Leavenworth prison guard Michael Harston accused of accepting bribes for tobacco

Michael Harston, 52, of Kansas City, Mo., was indicted Wednesday

Justin Wingerter
A guard at United States Penitentiary in Leavenworth was indicted Wednesday for allegedly accepting bribes in exchange for tobacco.

A prison guard was indicted on bribery charges Wednesday for allegedly smuggling tobacco to inmates at a federal prison in Leavenworth.

Michael Harston, 52, was charged in U.S. District Court in Kansas City with one count of conspiracy to commit bribery and four counts of accepting bribes.

According to federal prosecutors, Harston took bribes between October 2013 and August 2014 in exchange for carrying contraband tobacco into the United States Penitentiary in Leavenworth.

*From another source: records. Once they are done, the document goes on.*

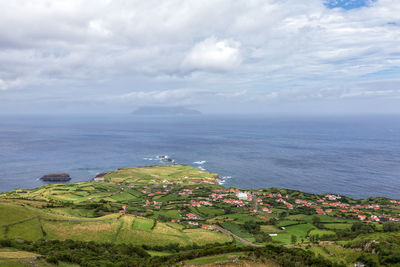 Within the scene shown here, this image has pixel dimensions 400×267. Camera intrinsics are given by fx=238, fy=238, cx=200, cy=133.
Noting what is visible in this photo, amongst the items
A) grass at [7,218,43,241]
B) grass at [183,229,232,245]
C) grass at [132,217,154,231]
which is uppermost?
grass at [7,218,43,241]

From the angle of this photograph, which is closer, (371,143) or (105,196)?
(105,196)

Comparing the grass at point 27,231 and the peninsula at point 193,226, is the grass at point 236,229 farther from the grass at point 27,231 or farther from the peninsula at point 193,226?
the grass at point 27,231

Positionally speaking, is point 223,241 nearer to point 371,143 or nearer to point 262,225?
point 262,225

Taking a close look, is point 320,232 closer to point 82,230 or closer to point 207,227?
point 207,227

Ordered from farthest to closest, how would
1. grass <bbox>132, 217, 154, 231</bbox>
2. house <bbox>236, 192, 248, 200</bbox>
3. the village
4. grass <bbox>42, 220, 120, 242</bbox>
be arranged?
1. house <bbox>236, 192, 248, 200</bbox>
2. the village
3. grass <bbox>132, 217, 154, 231</bbox>
4. grass <bbox>42, 220, 120, 242</bbox>

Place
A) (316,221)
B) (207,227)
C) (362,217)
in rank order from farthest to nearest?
(362,217) < (316,221) < (207,227)

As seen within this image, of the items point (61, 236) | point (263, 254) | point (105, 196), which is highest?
point (263, 254)

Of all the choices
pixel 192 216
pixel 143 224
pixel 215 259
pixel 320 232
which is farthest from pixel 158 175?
pixel 215 259

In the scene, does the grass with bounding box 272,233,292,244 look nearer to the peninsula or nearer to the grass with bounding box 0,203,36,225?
the peninsula

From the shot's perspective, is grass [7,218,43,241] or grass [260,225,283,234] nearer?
grass [7,218,43,241]

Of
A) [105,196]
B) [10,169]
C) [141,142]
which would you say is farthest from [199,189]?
[141,142]

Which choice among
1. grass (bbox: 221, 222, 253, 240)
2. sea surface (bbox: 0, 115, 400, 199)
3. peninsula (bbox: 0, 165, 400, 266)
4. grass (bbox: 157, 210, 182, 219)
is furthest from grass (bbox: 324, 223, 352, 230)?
grass (bbox: 157, 210, 182, 219) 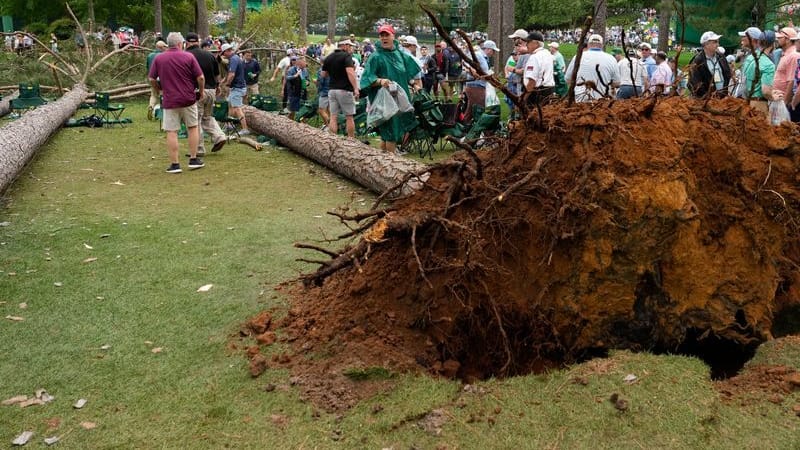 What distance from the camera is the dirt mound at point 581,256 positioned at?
387 cm

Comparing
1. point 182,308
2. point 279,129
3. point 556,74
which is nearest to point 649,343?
point 182,308

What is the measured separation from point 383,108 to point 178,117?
314 cm

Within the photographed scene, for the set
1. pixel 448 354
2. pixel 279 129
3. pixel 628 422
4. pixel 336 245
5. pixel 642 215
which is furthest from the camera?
pixel 279 129

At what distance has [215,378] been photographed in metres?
3.96

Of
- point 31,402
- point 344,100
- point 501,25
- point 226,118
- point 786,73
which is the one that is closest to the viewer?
point 31,402

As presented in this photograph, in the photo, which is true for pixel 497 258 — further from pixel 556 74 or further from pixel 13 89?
pixel 13 89

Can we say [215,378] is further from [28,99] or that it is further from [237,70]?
[28,99]

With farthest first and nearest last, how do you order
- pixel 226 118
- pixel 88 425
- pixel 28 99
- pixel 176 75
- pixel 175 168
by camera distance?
pixel 28 99, pixel 226 118, pixel 175 168, pixel 176 75, pixel 88 425

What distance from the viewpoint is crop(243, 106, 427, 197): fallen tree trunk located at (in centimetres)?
838

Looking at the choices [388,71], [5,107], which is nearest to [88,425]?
[388,71]

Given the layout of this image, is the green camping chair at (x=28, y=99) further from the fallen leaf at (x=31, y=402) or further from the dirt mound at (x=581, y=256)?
the dirt mound at (x=581, y=256)

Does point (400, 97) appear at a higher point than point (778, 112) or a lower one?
higher

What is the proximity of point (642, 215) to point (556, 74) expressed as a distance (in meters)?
8.19

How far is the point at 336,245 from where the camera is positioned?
21.3 feet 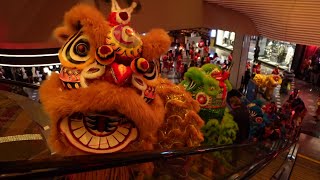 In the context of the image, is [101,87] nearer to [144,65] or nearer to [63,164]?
[144,65]

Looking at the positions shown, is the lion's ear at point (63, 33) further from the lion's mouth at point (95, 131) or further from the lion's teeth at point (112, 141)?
the lion's teeth at point (112, 141)

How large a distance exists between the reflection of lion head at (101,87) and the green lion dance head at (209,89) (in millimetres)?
1966

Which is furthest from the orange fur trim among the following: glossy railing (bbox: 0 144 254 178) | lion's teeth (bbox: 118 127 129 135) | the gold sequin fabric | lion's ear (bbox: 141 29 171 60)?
the gold sequin fabric

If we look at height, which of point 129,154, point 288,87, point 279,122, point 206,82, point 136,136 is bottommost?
point 288,87

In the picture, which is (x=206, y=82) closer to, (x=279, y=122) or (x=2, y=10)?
(x=279, y=122)

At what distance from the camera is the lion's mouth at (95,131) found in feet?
6.47

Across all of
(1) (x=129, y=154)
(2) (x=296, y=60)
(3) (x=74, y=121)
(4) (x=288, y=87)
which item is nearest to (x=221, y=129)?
(3) (x=74, y=121)

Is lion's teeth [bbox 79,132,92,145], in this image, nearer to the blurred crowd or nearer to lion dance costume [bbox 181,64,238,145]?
lion dance costume [bbox 181,64,238,145]

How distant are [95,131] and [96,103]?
0.29m

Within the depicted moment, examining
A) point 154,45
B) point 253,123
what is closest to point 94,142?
point 154,45

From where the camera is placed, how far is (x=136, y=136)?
206 cm

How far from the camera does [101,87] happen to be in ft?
6.09

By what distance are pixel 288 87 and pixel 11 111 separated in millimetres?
11902

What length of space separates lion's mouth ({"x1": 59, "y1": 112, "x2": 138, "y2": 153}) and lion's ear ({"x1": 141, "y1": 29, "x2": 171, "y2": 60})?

Harston, a resident of Kansas City, Mo., received payments from the relatives of inmates through wire transfers, U.S. Attorney Barry Grissom’s office alleges, and was caught on video surveillance distributing tobacco to inmates.

The Federal Bureau of Investigation investigated the alleged bribery, Grissom’s office said.

Harston faces a maximum sentence of five years in federal prison and a fine of $250,000 on the conspiracy charge and up to 15 years in prison and fine of $250,000 on each of the four bribery counts.

Built in 1903, United States Penitentiary in Leavenworth was the nation’s largest maximum-security federal prison before being downgraded to a medium-security prison in 2005. The all-male prison houses 1,919 prisoners.

Seven employees of the historic Leavenworth prison have been killed since the prison opened. Its long list of notorious inmates includes Martin Luther King Jr. assassin James Earl Ray, serial killer Carl Panzram, gangster George “Machine Gun” Kelly and professional quarterback Michael Vick.